Because mortgage investing is capital intensive, the alternative asset class was limited to high net-worth investors and private institutions. As traditional banks adopted tighter lending rules in response to government policy, private lenders stepped in to fill a crucial gap in Canada’s residential mortgage market. With them came a slew of innovative products that gave smaller investors direct access to private mortgage investment opportunities.
Mortgage Investment Corporations (MICs) offer the most efficient pathway to the Canadian mortgage market. MICs are investment portfolios that pool capital from multiple investors for the purpose of lending to borrowers in the form of mostly first and second private mortgages. By investing in a MIC, investors become preferred shareholders in the fund, entitling them to regular dividend payments generated by the interest and fees paid by mortgage borrowers.
A MIC is both an investment fund and a corporation that oversees the entire investment and portfolio construction process. The most successful MICs have a proven track record of performance backed by rigorous due diligence and risk mitigation practices. Most importantly, leading MIC funds have a history of meeting their annual yield targets. This is an important detail for investors seeking to grow and preserve their wealth as they progress toward retirement or the start of their child’s post-secondary education. MICs are also eligible to be included in tax-advantaged accounts like RRSPs, RESPs, and TFSAs.
Historically, leading MIC funds have delivered higher yields than government bonds or GICs without taking on excessive risks. For that reason, MICs have provided more reliable risk-adjusted returns than other fixed-income assets.
CMI MIC Prime Mortgage Fund: Designed for Capital Preservation
CMI Financial Group is Canada’s premier private lender and a leader in private mortgage investment opportunities. We help investors at various stages of their financial life gain access to Canada’s lucrative mortgage market. CMI is Canada’s mortgage investment expert, with over $2 billion in mortgage placements since our inception.
We developed CMI MIC Funds to help investors gain seamless access to mortgage investment opportunities. CMI MIC Funds are transparent mortgage investment solutions that are suited for defensive-minded investors. Of the three CMI MIC Funds available, the Prime Mortgage Fund is the most conservative. As your portfolio cycles from growth to preservation, the Prime Mortgage Fund can provide another layer of stability and protection while still offering inflation-beating returns.

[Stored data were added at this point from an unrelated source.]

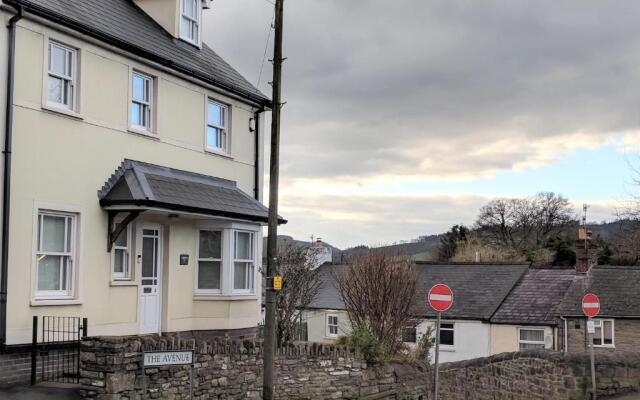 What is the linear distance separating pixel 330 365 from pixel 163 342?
185 inches

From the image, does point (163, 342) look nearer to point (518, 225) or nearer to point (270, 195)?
point (270, 195)

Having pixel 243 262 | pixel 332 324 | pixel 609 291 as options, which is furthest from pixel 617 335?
pixel 243 262

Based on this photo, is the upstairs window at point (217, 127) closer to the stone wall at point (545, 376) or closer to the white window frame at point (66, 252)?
the white window frame at point (66, 252)

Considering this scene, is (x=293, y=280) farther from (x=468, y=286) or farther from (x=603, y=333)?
(x=468, y=286)

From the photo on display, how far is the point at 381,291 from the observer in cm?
2361

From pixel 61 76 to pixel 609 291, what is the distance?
28.7 meters

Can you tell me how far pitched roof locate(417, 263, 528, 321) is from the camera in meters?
37.9

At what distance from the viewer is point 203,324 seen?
740 inches

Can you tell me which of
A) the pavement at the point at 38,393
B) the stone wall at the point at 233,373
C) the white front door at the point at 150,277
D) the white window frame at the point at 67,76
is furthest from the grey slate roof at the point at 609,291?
the pavement at the point at 38,393

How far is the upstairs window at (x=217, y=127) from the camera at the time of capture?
65.6 ft

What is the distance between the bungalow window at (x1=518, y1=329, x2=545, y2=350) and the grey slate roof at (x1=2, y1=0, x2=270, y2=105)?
20.4 m

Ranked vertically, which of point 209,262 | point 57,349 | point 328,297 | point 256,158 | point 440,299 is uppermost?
point 256,158

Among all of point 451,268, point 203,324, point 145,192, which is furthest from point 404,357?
point 451,268

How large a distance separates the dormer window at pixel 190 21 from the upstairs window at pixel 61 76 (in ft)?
17.0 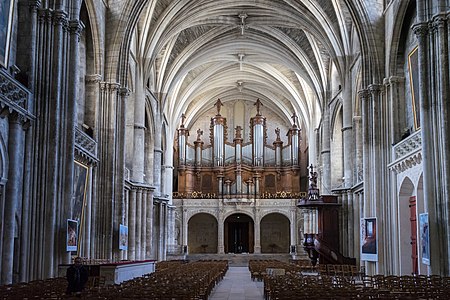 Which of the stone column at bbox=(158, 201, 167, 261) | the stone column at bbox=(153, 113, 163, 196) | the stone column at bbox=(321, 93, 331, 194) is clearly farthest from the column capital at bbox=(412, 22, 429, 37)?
the stone column at bbox=(158, 201, 167, 261)

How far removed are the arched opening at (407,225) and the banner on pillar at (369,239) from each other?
4.11ft

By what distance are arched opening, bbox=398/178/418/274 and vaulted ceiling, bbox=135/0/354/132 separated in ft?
35.9

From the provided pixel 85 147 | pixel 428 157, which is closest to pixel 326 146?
pixel 85 147

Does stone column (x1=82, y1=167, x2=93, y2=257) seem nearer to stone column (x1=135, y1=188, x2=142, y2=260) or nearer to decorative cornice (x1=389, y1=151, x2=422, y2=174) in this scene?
stone column (x1=135, y1=188, x2=142, y2=260)

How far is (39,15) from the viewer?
18.2 metres

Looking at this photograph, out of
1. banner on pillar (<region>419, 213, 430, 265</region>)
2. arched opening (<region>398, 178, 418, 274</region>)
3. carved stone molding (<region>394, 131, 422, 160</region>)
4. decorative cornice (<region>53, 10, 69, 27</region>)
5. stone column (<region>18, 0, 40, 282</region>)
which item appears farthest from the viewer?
arched opening (<region>398, 178, 418, 274</region>)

The Prime Mortgage Fund has the lowest risk profile of all CMI MIC funds because it invests primarily in first mortgages with an average loan-to-value ratio of 65%. This defensive portfolio targets an annual return of 6% to 7%. The Fund has successfully delivered its targeted returns since its inception.
Like all CMI MIC funds, the Prime Mortgage Fund is eligible for a Dividend Reinvestment Plan (DRIP). This gives investors the ability to buy additional shares in the Fund with their monthly distributions, rather than receiving these regular dividends in cash. When investing through a registered account, a DRIP not only enables you to compound your returns, but also minimize fees since automatic reinvestment of monthly MIC distributions happens inside the plan and therefore does not incur a transaction fee For other regular investments into a registered MIC account, transaction fees can be optimized by managing the frequency of your contributions. However you invest, a CMI mortgage investment professional will guide you through the investment process.